Warning signs that you’re in a toxic relationship

Ava Meyer, Reporter

On March 22, a workshop was held by Speakers Maggie L. Burkhead and Kassandra Garcia in Mcafee discussing signs of verbal, emotional or physical abuse and who to contact anyone is experiencing these things.

According to the NCADV – National Association Against Domestic Violence, – the most common age intimate partner violence starts is within the age group of 18-24. At least 95% of all cases of partner abuse involve a man beating a woman, and every day in the US, more than three women are murdered by their husbands or boyfriends.

Domestic violence is defined as “willful intimidation, physical assault, battery, sexual assault, and/or other abusive behavior as part of a systematic pattern of power and control perpetrated by one intimate partner against another. It includes physical violence, sexual violence, threats, and emotional abuse. The frequency and severity of domestic violence can vary dramatically.”

Although there are multitudes of warning signs for the beginning of someone receiving abuse within a relationship, here are a few common signs: the beginning of substance abuse – from the abuser or the victim, – jealousy, double standard, being put down, and animal abuse. These few are very common in toxic relationships, but do not limit other signs from occurring.

Some more physical signs of someone wanting power and control over their partner start with physical abuse, sexual abuse, financial abuse, emotional abuse, verbal abuse, stlaking, and neglect.

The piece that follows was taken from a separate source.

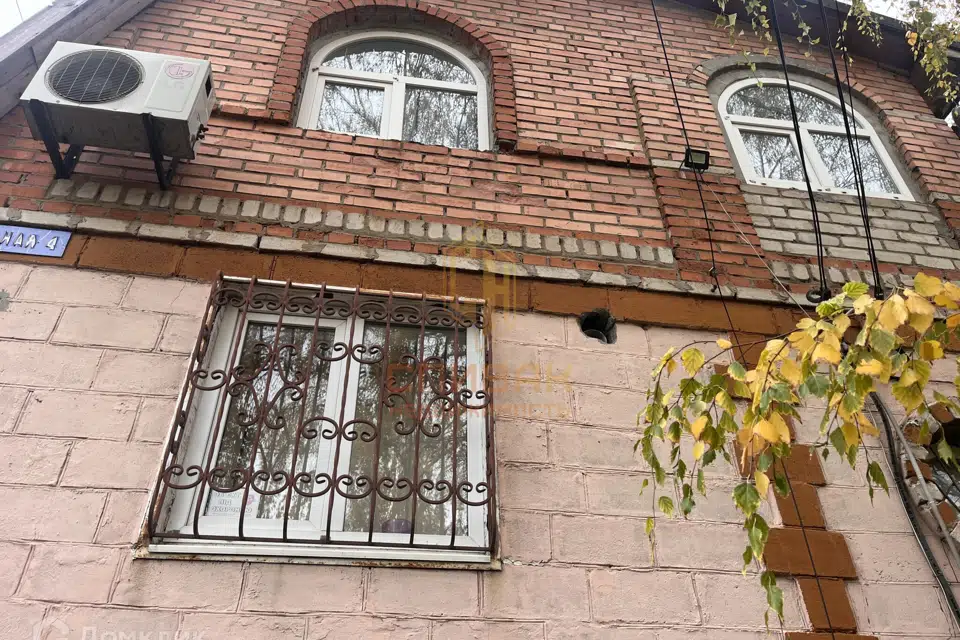 Продаётся 2-этажный дом, 77.9 м²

Here are some signs that are often overlooked: treating someone exceptionally well at the beginning of the relationship, making someone feel sorry for them, never being at fault, trying to control someone through constant communication, separating someone’s family and friends physically or emotionally or causing chaos before or during family events, being overly critical, searching personal belongings, prying to learn more of their inner feelings or about the past, accessing social media accounts, booking a calendar in advance so someone is unable to leave the relationship, and lastly removing someone from their existing friends with probably excuses and keeping someone too busy to maintain them.

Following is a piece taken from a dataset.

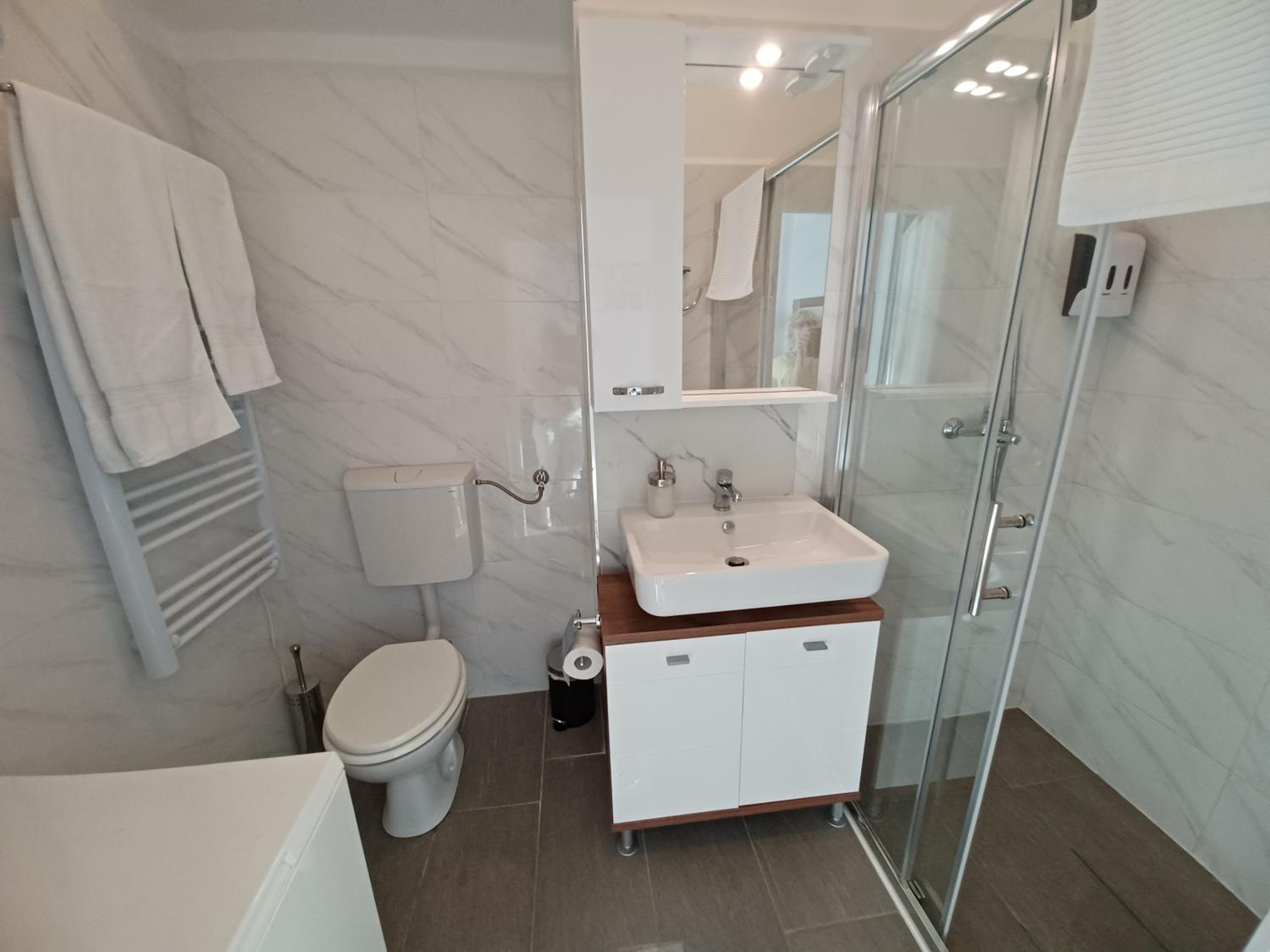 Apartment Hesperia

The first step is to recognize these behaviors and warnings, and get out of the relationship before it is too late. The victim should understand that the abuser will not get better unless they themselves want to work on it. It only makes things worse if you stay in a relationship because you feel bad for them. If someone  is in need of help, please visit HOPE, SACIS, the EIU Counseling Clinic Office, National Domestic Violence Hotline, or the UPD.